What this task involves:
Quote the listing below in its entirety, omitting every image.

Information provided:
--
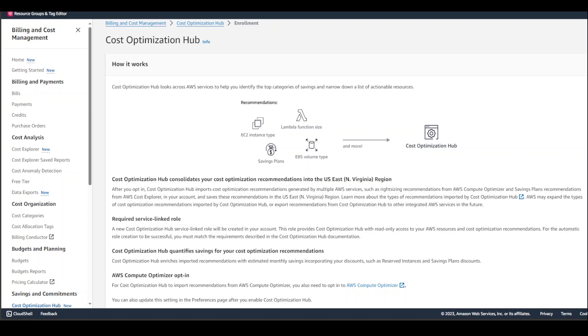After you enable Cost Optimization Hub, you can also see estimated monthly savings in AWS Compute Optimizer consistent with the savings estimate in this optimization hub.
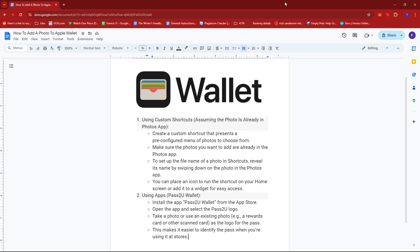Hello everyone! In today's video, I'm going to show you how to add a photo to your Apple Wallet. Now there are actually two methods that we can follow to add a photo to our Apple Wallet.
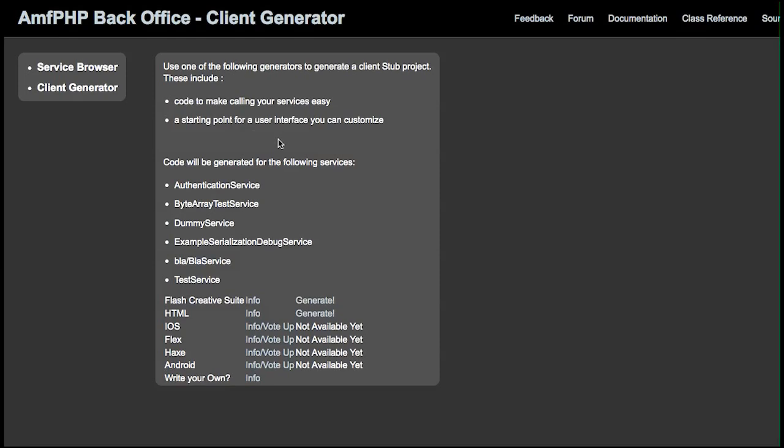The idea is to generate code to make calling your services easy and to avoid typos, making the compiler work for you instead of you having to check that you didn't make a mistake. It's also a starting point for a user interface that you can customize, for example to make a quick back office.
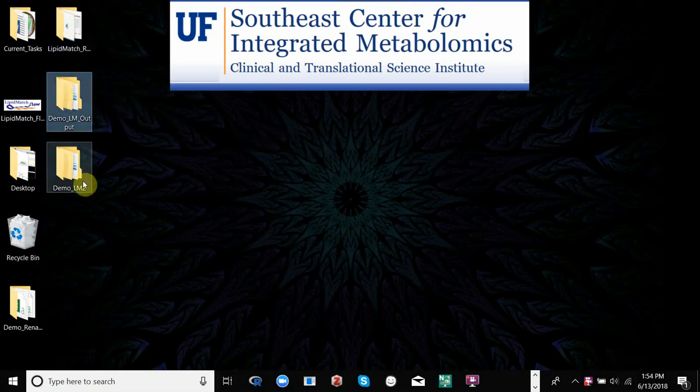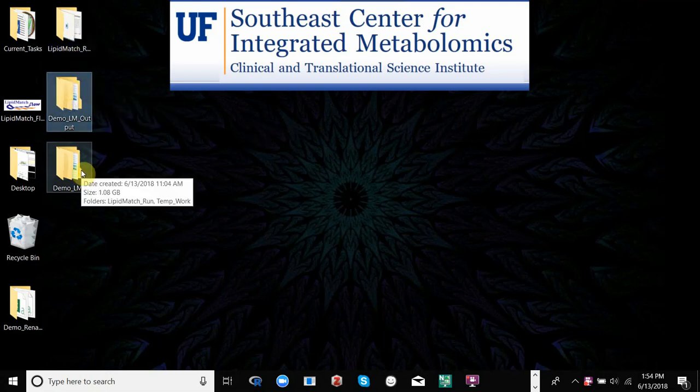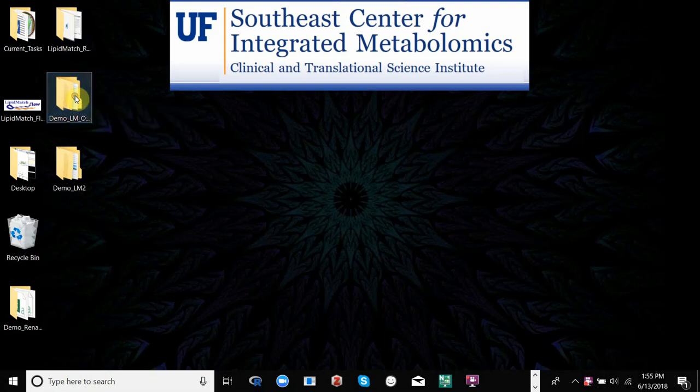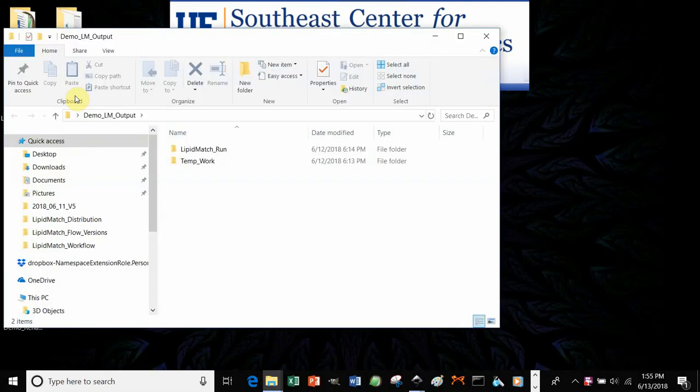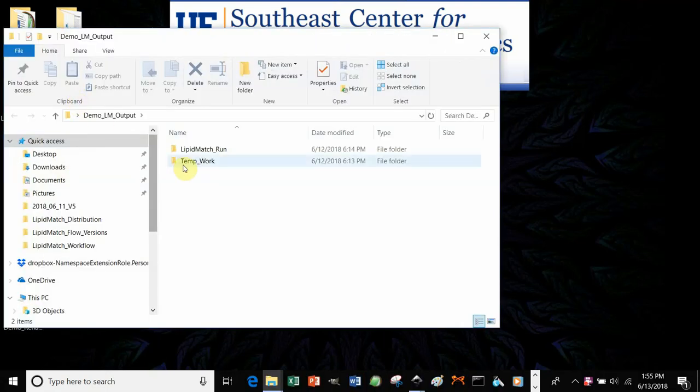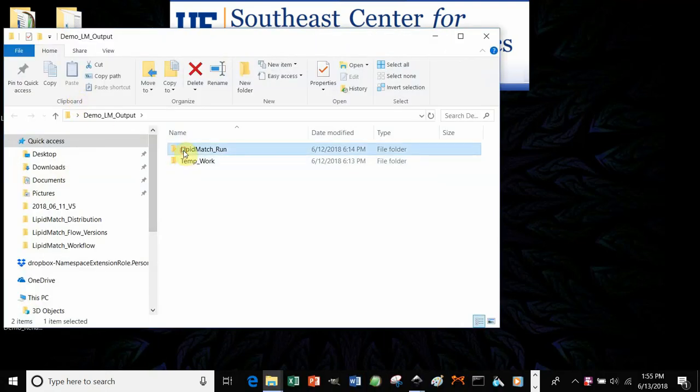So, you should have your output folder. For example, here's the demo we did. And you'll have two folders, TemporaryWork and LipidMatchRun.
--
Result of this task:
After you enable Cost Optimization Hub, you can also see estimated monthly savings in AWS Compute Optimizer consistent with the savings estimate in this optimization hub.
Hello everyone! In today's video, I'm going to show you how to add a photo to your Apple Wallet. Now there are actually two methods that we can follow to add a photo to our Apple Wallet.
The idea is to generate code to make calling your services easy and to avoid typos, making the compiler work for you instead of you having to check that you didn't make a mistake. It's also a starting point for a user interface that you can customize, for example to make a quick back office.
So, you should have your output folder. For example, here's the demo we did. And you'll have two folders, TemporaryWork and LipidMatchRun.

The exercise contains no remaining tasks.